(Crawled caption data)
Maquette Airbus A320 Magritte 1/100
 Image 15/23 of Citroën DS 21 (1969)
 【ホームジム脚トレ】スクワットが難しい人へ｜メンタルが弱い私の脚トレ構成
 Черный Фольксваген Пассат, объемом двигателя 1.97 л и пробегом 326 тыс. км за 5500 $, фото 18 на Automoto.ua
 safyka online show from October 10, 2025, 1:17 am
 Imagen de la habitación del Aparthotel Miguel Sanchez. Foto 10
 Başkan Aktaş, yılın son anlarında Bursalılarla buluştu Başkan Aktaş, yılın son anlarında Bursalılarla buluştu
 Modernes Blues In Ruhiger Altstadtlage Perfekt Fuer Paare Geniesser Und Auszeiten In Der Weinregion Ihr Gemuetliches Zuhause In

◆ INSTRUCTIONS FOR THE TASK
All entries must come back exactly as they were written.

◆ ANSWER TO THE EXERCISE
Maquette Airbus A320 Magritte 1/100
 Image 15/23 of Citroën DS 21 (1969)
 【ホームジム脚トレ】スクワットが難しい人へ｜メンタルが弱い私の脚トレ構成
 Черный Фольксваген Пассат, объемом двигателя 1.97 л и пробегом 326 тыс. км за 5500 $, фото 18 на Automoto.ua
 safyka online show from October 10, 2025, 1:17 am
 Imagen de la habitación del Aparthotel Miguel Sanchez. Foto 10
 Başkan Aktaş, yılın son anlarında Bursalılarla buluştu Başkan Aktaş, yılın son anlarında Bursalılarla buluştu
 Modernes Blues In Ruhiger Altstadtlage Perfekt Fuer Paare Geniesser Und Auszeiten In Der Weinregion Ihr Gemuetliches Zuhause In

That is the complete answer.